Overview
This lecture provides a beginner-friendly overview of statistics, focusing on key data types, distributions, estimation, hypothesis testing, and the importance and pitfalls of p-values, all with minimal math and practical examples.
Types of Data
- Data is divided into categorical and numerical types.
- Categorical data includes nominal (no order, e.g., team names) and ordinal (ordered categories, e.g., player positions).
- Numerical data includes discrete (countable values, e.g., free throws missed) and continuous (any value within a range, e.g., height).
- Proportions aggregate nominal data into a numerical summary, like shooting percentage.
Distributions
- Distributions show how data values are spread across possible outcomes.
- Common distributions: normal (bell curve), uniform (equal probability), bimodal (two peaks), and skewed (tail on one side).
- Normal distribution is symmetric with most values around the mean.
- Probability density functions describe the likelihood of selecting certain values.
Sampling and Estimation
- Samples are taken to estimate unknown population parameters like a player's true shooting percentage (theta, θ).
- The larger the sample size, the less variable the sample statistic is.
- Sample statistics (like proportions) estimate population parameters, but always with some uncertainty.

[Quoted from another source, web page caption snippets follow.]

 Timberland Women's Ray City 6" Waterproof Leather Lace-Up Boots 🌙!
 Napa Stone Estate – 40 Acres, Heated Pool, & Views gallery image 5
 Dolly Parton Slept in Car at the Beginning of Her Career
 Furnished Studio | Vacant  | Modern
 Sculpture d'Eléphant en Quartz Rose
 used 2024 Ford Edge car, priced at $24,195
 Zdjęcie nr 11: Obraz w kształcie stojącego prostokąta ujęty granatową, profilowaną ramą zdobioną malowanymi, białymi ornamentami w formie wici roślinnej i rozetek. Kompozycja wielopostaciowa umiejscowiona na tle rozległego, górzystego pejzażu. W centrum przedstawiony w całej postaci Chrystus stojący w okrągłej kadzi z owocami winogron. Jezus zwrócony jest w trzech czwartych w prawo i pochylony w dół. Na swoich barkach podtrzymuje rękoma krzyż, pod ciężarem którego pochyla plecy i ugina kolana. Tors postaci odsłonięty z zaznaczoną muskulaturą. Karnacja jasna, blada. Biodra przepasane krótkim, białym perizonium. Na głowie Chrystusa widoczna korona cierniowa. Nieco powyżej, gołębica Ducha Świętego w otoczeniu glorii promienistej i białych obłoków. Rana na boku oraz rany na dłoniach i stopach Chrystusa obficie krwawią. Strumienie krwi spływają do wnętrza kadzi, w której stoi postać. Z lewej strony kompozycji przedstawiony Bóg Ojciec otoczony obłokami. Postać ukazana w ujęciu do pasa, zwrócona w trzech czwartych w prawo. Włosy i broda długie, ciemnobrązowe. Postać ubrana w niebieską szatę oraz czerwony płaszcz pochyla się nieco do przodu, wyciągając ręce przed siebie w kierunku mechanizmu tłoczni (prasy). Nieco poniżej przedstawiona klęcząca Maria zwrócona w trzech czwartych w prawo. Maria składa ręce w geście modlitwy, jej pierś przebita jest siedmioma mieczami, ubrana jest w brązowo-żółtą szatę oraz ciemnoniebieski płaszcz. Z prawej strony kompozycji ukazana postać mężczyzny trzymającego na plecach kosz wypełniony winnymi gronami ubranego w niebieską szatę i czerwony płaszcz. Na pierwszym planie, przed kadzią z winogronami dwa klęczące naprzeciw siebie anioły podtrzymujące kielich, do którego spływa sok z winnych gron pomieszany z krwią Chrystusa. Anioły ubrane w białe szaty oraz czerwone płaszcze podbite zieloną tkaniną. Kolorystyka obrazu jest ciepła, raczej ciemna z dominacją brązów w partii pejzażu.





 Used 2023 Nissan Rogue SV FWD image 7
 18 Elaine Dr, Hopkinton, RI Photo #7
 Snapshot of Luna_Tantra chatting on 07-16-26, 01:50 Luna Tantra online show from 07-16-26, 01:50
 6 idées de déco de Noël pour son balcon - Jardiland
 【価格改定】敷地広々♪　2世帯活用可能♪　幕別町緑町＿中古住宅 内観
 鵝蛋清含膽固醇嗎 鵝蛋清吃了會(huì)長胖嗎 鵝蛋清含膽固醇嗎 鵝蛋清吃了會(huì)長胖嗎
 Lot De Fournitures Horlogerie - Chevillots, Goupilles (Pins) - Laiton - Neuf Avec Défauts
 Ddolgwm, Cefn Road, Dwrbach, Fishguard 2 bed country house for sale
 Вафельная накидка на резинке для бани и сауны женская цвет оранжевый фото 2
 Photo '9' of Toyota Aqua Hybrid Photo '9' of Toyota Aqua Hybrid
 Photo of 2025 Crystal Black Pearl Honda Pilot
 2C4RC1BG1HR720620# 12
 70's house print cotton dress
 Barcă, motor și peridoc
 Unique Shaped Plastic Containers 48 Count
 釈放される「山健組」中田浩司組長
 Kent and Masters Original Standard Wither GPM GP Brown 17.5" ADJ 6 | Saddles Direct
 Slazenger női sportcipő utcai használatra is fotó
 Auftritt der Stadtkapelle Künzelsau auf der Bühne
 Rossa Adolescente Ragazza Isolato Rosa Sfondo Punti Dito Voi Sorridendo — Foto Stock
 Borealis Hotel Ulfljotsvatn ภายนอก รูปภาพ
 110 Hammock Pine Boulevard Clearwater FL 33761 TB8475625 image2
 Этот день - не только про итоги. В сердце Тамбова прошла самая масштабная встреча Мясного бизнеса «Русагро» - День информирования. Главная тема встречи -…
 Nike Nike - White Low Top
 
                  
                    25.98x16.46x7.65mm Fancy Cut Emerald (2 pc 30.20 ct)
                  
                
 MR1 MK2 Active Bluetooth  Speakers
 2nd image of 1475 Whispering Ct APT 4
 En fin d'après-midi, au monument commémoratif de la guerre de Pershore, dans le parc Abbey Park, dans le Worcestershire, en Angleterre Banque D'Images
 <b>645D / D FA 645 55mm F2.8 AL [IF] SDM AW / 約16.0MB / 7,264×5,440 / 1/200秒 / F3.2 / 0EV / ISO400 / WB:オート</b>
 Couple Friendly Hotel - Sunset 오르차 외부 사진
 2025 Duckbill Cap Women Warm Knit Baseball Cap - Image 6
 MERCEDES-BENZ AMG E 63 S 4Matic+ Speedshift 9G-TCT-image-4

- Confidence intervals quantify this uncertainty, e.g., a 95% confidence interval suggests high confidence that the true value lies within it.
Parameters and Sample Statistics
- Common parameters: mu (μ, mean), sigma (σ, standard deviation), pi (π, proportion), rho (ρ, correlation), beta (β, gradient).
- Sample statistics: x-bar (sample mean), s (sample standard deviation), p (sample proportion), r (sample correlation), b (sample gradient).
- Greek letters represent parameters, Latin letters represent estimated statistics.
Hypothesis Testing
- Hypothesis testing assesses if sample evidence supports a claim about a population parameter.
- Null hypothesis (H₀): a default claim (e.g., shooting percentage ≤ 50%).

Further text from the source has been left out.